5.         We should all support the Bolivarian Revolution until we have a chance to go a little further along the path to a Natural Economy.  Hugo Chavez will not oppose this process, the name of which is dematerialism – not to be confounded with the Ideal represented by the Natural Economy.

What he said about me:

Tom Wayburn has unsubscribed himself from the_dieoff_QA, saving myself the trouble of having to boot his commie ass off this list!  <g>

Idle speculation about the inventors of monotheism:

Many scientists believe that our love of natural beauty has evolved because of the ecological importance of leaving Nature undisturbed; however, the two major monotheistic religions come from a part of the world that is hard to live in.  Perhaps it’s hard to appreciate its natural beauty too.  This might account for their choices of religions that do not encourage respect for the environment nearly so much as the religions they replaced, namely, pantheism and paganism.  After all, if there is a god living in every stream and every tree, it might be harder to despoil it for one’s own purpose than if there were one abstract god who, regardless of what is taught, is always thought of as being somewhere else.  One might conclude, then, that environmental destruction is more an artifact of one’s tribal religion than an innate characteristic of human nature.  If, in fact, monotheism is the only religion that permits man to ignore the local gods of Nature, then it is no wonder that Capitalism became an artifact of monotheism, as no other political economy could leave Nature less undisturbed.

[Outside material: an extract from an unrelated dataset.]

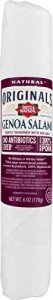 Dietz & Watson Genoa Salami, 6 Ounces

It is the spoliation of Nature, of course, that has made possible all of the miracles of technology that we, the affluent of the developed nations, enjoy daily.  Today, for example, is a day that I have enjoyed as much as any I can remember.  I recorded music from the cable, converted stereo phonograph records to 5.1 digital, and achieved a great deal on the World Wide Web.  As I have said previously, no one is more dependent upon the capitalist mode of production than am I.  I might do poorly in a Natural Economy; nevertheless, I try to be objective and realistic in my scientific and literary work.